- U.S. Department of Justice and city of Albuquerque agree on police reforms
- The city agrees to allow independent monitor and court to oversee reforms
- Agreement follows Justice report on deadly practices and brutality by Albuquerque Police
The Department of Justice announced on Thursday it has reached an agreement with the city of Albuquerque, New Mexico, to address a "pattern or practice of excessive force" by the problem-plagued Albuquerque Police Department.
The DOJ said the city has agreed to allow an independent monitor and the courts to oversee reforms at the police department, along with community input and involvement.
According to a joint statement, the department and the city plan to implement reform in eight areas of concern: "use of force policies, interactions with individuals with mental illness and other disabilities, tactical units, training, internal investigations and civilian complaints, management and supervision, recruitment and selection of officers, and community engagement and oversight."

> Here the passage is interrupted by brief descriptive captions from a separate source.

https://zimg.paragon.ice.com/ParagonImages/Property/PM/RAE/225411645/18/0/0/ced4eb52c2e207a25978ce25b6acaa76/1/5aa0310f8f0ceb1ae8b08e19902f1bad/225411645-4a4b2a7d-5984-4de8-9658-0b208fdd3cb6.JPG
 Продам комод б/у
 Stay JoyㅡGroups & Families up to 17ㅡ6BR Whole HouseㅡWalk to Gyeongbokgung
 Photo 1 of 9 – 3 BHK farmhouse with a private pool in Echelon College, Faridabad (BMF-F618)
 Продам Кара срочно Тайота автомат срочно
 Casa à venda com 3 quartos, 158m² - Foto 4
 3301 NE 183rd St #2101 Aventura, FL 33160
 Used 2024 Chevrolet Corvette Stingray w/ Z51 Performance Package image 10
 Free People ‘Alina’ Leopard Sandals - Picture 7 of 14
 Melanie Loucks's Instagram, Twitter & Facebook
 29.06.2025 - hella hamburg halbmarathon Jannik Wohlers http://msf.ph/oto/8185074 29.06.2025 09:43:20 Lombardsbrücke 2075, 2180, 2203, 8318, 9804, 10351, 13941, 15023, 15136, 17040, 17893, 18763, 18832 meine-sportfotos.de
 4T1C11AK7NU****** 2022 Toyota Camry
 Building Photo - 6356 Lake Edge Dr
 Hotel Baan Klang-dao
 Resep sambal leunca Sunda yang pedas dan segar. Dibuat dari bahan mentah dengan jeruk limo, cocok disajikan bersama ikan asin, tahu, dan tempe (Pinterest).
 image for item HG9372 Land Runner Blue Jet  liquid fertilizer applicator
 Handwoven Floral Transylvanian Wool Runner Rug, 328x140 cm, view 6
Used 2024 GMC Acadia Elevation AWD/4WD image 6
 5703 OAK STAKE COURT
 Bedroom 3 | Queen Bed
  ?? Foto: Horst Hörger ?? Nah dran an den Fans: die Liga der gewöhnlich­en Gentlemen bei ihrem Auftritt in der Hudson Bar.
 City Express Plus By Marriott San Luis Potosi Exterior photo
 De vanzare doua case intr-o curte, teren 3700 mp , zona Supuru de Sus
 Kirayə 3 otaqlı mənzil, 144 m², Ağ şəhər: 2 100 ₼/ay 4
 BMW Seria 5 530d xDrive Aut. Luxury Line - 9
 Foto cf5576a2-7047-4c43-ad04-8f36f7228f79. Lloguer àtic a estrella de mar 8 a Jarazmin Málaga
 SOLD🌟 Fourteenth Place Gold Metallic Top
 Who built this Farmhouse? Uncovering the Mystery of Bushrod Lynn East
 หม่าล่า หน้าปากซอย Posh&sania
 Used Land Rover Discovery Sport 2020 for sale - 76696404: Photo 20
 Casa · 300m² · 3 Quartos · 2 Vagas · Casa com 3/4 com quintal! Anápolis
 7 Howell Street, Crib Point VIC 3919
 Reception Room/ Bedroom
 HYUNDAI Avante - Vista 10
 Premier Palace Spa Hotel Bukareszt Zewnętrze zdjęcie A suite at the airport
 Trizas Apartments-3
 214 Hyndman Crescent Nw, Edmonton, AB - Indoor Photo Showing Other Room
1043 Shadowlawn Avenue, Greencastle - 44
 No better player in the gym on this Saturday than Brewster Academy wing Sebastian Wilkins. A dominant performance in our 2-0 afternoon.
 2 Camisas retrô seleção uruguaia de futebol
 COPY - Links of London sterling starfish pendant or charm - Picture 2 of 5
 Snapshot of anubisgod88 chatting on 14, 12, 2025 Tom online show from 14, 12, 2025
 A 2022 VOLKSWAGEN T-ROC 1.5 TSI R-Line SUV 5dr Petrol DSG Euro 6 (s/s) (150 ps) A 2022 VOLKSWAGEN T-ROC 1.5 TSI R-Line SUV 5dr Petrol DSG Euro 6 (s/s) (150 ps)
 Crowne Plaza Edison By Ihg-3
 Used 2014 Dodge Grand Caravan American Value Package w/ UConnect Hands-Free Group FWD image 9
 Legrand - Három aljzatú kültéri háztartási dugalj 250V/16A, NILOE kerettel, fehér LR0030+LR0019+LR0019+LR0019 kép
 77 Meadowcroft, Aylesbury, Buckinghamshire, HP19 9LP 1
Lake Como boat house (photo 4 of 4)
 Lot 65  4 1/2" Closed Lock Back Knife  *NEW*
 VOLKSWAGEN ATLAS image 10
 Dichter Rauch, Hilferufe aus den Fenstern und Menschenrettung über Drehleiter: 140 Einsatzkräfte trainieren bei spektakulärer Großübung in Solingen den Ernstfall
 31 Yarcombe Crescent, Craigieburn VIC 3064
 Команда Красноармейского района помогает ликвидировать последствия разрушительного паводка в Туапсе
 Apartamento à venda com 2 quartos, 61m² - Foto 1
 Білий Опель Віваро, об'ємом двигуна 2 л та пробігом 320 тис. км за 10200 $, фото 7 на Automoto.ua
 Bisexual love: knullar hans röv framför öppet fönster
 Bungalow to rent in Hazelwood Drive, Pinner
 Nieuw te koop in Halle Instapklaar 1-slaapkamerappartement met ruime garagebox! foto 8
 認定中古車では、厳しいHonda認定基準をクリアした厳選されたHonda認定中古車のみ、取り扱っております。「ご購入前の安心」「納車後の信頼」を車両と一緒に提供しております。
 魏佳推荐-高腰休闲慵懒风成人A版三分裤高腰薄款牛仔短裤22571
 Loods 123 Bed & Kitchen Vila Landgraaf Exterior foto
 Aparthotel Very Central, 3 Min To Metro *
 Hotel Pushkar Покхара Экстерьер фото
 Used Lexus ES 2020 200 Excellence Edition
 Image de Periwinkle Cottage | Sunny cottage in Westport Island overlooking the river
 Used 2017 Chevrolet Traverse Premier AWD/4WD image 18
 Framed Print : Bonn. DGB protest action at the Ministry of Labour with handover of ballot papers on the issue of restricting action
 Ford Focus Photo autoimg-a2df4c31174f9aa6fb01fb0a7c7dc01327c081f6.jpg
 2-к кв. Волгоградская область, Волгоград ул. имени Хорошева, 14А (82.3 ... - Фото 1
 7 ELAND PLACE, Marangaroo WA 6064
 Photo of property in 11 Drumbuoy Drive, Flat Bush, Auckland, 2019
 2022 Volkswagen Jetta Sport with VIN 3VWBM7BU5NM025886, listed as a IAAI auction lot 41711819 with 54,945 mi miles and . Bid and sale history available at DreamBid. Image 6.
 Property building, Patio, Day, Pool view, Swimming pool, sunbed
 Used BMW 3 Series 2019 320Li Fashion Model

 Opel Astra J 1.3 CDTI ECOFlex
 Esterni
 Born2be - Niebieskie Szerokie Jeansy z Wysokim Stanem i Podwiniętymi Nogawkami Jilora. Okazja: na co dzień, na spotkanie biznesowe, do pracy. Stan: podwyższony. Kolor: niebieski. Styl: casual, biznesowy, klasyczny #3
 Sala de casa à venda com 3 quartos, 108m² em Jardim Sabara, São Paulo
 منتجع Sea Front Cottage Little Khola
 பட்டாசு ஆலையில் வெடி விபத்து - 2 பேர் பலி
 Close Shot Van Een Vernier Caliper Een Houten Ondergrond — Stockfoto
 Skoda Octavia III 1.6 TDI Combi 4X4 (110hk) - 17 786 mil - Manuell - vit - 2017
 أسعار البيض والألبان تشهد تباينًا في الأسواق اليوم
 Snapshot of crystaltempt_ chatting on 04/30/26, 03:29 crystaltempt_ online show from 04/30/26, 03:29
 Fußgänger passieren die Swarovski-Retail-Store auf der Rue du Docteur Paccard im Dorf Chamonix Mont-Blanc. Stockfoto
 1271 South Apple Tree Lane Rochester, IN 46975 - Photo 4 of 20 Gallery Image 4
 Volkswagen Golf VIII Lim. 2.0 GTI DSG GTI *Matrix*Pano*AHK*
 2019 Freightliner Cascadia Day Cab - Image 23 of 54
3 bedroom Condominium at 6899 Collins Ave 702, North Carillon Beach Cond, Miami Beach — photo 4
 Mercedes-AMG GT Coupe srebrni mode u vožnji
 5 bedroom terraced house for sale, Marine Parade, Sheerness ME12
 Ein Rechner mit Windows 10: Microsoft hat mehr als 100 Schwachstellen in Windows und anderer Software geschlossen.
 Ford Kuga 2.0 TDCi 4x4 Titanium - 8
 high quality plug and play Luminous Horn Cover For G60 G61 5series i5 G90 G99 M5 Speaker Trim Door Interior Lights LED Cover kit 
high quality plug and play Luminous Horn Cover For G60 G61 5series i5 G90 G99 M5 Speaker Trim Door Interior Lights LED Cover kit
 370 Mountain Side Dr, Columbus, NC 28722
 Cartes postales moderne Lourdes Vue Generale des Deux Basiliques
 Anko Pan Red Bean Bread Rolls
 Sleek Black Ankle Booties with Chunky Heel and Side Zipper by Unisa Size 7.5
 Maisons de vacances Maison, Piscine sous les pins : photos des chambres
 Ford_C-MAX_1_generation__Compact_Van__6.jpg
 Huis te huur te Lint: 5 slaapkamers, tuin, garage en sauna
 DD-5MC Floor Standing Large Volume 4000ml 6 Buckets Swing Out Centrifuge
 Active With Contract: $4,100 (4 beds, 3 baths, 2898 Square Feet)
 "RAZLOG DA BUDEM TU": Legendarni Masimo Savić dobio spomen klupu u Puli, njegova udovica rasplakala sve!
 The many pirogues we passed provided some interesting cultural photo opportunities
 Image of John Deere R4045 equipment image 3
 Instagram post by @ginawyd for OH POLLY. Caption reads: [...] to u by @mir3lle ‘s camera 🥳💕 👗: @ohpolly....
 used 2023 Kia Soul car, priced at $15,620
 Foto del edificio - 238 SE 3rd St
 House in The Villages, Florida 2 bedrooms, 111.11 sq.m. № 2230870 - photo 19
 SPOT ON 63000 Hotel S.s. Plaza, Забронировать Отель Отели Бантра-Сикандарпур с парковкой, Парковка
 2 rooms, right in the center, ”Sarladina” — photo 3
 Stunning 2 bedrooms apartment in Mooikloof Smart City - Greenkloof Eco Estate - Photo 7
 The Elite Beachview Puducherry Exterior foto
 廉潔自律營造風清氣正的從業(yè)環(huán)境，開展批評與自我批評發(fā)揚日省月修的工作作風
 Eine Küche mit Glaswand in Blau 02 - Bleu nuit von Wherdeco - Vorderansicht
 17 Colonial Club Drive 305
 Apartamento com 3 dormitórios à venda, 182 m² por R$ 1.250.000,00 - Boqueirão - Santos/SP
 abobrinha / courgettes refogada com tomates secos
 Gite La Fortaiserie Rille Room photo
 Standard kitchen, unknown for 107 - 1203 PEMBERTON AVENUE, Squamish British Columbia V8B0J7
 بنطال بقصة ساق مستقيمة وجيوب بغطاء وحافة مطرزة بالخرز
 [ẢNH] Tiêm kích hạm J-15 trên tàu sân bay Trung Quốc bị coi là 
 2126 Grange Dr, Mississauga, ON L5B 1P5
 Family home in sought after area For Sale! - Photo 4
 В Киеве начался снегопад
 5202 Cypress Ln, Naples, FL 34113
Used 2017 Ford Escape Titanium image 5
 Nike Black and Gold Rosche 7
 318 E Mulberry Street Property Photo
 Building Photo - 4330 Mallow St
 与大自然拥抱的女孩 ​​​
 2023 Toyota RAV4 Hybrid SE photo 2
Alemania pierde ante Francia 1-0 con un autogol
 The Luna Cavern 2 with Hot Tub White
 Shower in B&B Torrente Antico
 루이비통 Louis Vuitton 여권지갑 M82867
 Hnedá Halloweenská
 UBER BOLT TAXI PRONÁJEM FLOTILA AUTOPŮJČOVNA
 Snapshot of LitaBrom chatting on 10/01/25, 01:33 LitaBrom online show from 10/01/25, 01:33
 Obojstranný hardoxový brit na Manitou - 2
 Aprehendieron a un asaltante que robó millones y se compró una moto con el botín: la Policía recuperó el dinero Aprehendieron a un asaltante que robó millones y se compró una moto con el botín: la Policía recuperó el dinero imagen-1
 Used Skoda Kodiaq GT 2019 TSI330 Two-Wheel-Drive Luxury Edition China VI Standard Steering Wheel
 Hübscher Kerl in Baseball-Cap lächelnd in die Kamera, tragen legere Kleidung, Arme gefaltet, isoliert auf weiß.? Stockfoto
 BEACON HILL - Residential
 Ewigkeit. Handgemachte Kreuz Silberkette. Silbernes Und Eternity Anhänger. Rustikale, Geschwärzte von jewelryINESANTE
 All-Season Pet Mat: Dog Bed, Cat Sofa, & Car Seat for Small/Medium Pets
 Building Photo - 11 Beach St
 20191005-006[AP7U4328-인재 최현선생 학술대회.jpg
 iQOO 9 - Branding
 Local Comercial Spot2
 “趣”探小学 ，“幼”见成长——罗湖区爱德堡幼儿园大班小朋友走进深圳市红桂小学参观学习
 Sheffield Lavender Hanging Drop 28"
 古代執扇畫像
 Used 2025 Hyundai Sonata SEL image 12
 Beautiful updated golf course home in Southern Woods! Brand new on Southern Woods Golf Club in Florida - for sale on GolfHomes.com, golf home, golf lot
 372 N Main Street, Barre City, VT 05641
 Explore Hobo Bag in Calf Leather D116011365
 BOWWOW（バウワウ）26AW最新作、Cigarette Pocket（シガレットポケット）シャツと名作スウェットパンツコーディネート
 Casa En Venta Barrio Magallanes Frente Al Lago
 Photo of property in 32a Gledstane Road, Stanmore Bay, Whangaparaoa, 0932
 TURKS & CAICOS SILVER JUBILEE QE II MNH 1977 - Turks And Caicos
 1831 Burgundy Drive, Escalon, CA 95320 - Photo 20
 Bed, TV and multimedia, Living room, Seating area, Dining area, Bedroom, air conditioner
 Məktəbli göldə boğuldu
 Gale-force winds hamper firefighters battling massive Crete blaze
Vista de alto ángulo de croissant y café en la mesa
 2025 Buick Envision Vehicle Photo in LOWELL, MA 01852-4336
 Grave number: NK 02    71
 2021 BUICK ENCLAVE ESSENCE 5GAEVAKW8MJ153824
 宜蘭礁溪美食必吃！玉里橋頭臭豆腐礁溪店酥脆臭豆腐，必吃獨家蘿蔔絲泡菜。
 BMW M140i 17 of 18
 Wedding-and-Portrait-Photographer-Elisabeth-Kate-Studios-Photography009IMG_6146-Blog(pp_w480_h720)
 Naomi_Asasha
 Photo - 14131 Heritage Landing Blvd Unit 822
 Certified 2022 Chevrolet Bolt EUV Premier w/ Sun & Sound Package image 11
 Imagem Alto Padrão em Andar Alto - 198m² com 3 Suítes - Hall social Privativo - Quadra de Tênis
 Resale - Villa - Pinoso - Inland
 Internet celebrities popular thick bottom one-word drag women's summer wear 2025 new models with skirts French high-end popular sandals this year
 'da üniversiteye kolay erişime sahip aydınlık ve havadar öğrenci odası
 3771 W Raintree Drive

"This agreement marks an important step forward in addressing the unreasonable use of deadly force uncovered in our investigation into the Albuquerque Police Department," Attorney General Eric Holder said Thursday.
The Justice Department concluded in a report released in April that Albuquerque Police had a history of brutality and unnecessary deadly force. "The pattern and practice is the result of serious systemic deficiencies in policy, training, supervision and accountability. The police department's failure to ensure that officers respect the Constitution undermines public trust," the DOJ said in the report.
"I am confident that the Albuquerque Police Department will be able to correct troubling practices, restore public trust, and better protect its citizens against all threats and dangers -- while providing the model of professionalism and fairness that all Americans deserve," Holder said.
The reforms will include input from the community and the police department. "We have asked for and received valuable ideas and insights from officers, members of the community, representatives of many organizations, and others who have a stake in the future of our community," said Damon Martinez, U.S. attorney for the District of New Mexico.
Police brutality in Albuquerque, New Mexico's most populous city reached a boiling point in March when protesters clashed with police for more than 12 hours over the fatal shooting of James Boyd, 38, a homeless man.